Il Brasile ha 115 gruppi di indigeni isolati, più di qualsiasi altra nazione latinoamericana. Antonio Oviedo, rappresentante del Socio-environmental Institute, ha spiegato che 33 anni fa la Fondazione Nazionale dell’Indio (Funai) ha deciso che per preservare l’esistenza di queste tribù sarebbe stato fondamentale isolarle dal resto del paese, una decisione ritenuta un successo. Ma ora sotto la presidenza di Jair Bolsonaro, Funai sta modificando queste decisioni senza il parere degli indigeni. In una sessione del Consiglio dei diritti umani delle Nazioni Unite a Ginevra, il 2 marzo, Yanomami Davi Kopenawa, leader della tribù Yanomamö ha detto alla comunità internazionale che il presidente brasiliano con le sue politiche sta distruggendo le riserve degli indigeni in Amazzonia.
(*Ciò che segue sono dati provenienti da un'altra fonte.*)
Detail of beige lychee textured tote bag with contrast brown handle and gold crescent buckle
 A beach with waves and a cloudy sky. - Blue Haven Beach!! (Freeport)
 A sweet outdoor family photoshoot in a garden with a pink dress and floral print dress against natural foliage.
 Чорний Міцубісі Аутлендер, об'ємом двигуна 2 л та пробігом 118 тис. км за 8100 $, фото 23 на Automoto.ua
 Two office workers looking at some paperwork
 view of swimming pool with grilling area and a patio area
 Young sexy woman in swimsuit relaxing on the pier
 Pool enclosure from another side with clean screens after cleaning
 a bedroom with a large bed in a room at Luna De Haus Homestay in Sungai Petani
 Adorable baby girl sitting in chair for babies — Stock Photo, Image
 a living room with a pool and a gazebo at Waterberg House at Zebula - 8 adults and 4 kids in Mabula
Lo confermano i dati pubblicati dalla Commissione Arns, organizzazione non governativa per la difesa dei diritti umani: 42.679 ettari dal 2018 al 2019 sono stati deforestati, con un aumento dell’80% rispetto al 2017-18. Gli indigeni, considerati i guardiani della foresta, sono sempre più soli, e fanno fatica a difendere le loro terre. Intanto Laura Greenhalgh, direttrice esecutiva della Commissione, ha inviato una petizione contro Bolsonaro al Tribunale penale internazionale.
«I bianchi non possono distruggere la nostra casa perché, se lo fanno, le cose non finiranno bene per il mondo intero –ha dichiarato Davi Kopenawa – Stiamo curando la foresta per tutti, non solo per gli Yanomami e le popolazioni isolate. Lavoriamo con i nostri sciamani che comprendono bene queste cose, che possiedono saggezza che viene dal contatto con la terra».